Migrating from Drupal 9 to Drupal 10 can be easy or can be difficult depending on the project you are involved in. Yes, because every site is different and may present its own unique challenges.

These are the following steps to migrate from Drupal 9 to Drupal 10.

  1. Keeping your custom modules up to date with new standards and removing deprecated code will result in small changes before you have to do a major core upgrade. If the site is well maintained the changes are mostly with the core_version_requirement. You will need to update from core_version_requirement: ^9 to core_version_requirement: ^9 || ^10 . As soon as we are sure that our custom code is compatible with Drupal 10, we can move to check the contrib modules. And this is where things might get tricky
  1. Upgrade contrib modules to versions which support Drupal 9 and 10. If the new version only supports D10, then you can add it to composer as an alternative version, for example: 'drupal/module_name': '^1 || ^2', and you can have version 1 still installed while on Drupal 9. Once you install Drupal 10, version 2 of the module will be installed by composer.
  1. Uninstall obsolete modules and themes like Color, RDF, Seven etc. You can’t remove core modules or themes, but if you are not sure if these are depended upon, it can be moved from core to contrib especially classy and stable, which you can keep as contrib modules. You may need to set your Admin theme to Claro and re-export your config on this step. Use drush theme:uninstall theme(s) command (drush thun for short) to uninstall themes.
  1. Remove orphaned permissions which are still assigned to user roles. Export your config before starting this step. The upgrade_status module will tell you which permissions need to go from which roles. Simply edit the user.role.[role].yml config ymls and remove the relevant lines from the permissions array. 
  1. Upgrade Drupal core to latest 9.5, in order to upgrade to 10.

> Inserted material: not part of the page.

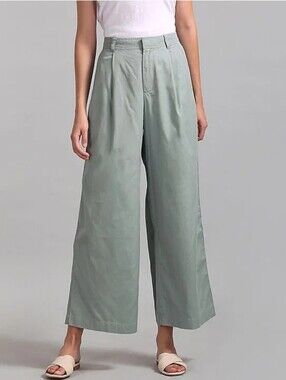 GAP Desert Sage Green Wide Leg Pleated High Waisted Twill Trouser Pants SZ 12
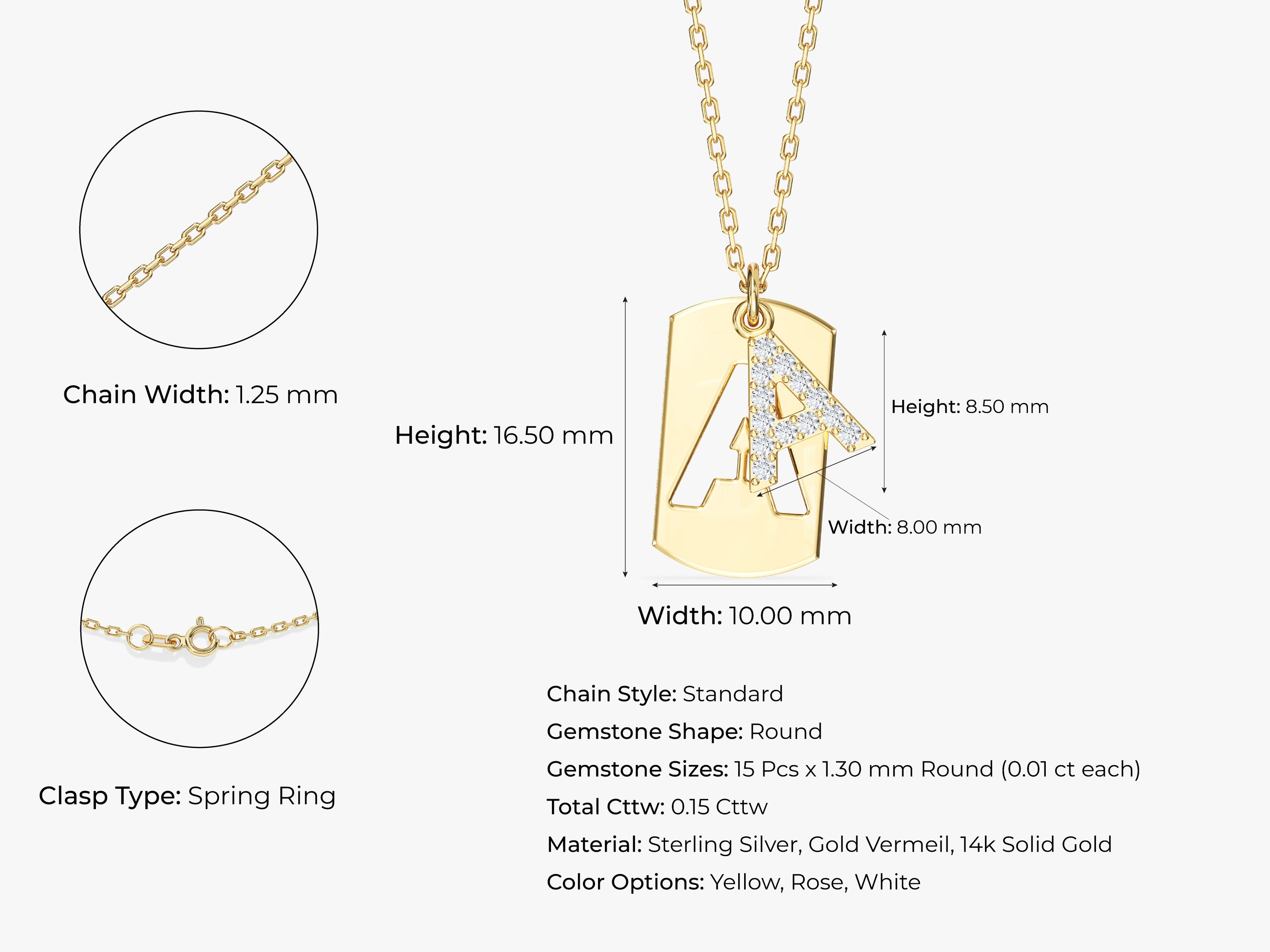 Layered Initial Tag Necklace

composer require drupal/core-recommended:^9.5 drupal/core-composer-scaffold:^9.5  --update-with-all-dependencies

Now let's look at the tricky part. Drupal 10 has some specific things we have to do to allow us to upgrade to drupal 10.

  1. Drupal 10 runs with PHP 8.2 or later so make sure you have it to be able to upgrade. 
  1. Not all modules are Drupal 10 ready so you will have to use drupal lenient.  You will have to get a patch for Drupal 9 only modules. Install mglaman/composer-drupal-lenient before attempting to upgrade. Otherwise these modules will create a dependency problem. After the installation, you need to declare the Drupal 9 modules which should be treated as Drupal 10 modules. For example, to allow drupal/token to be installed run:

composer require mglaman/composer-drupal-lenient

composer config --merge --json extra.drupal-lenient.allowed-list '["drupal/token"]'

  1. If you have Drush installed make sure the version is ^11 || ^12, we use this because some module may not be version 12 compatible.
  1. Drupal Console (drupal/console) is not Drupal 10 compatible and as such we have to remove it. 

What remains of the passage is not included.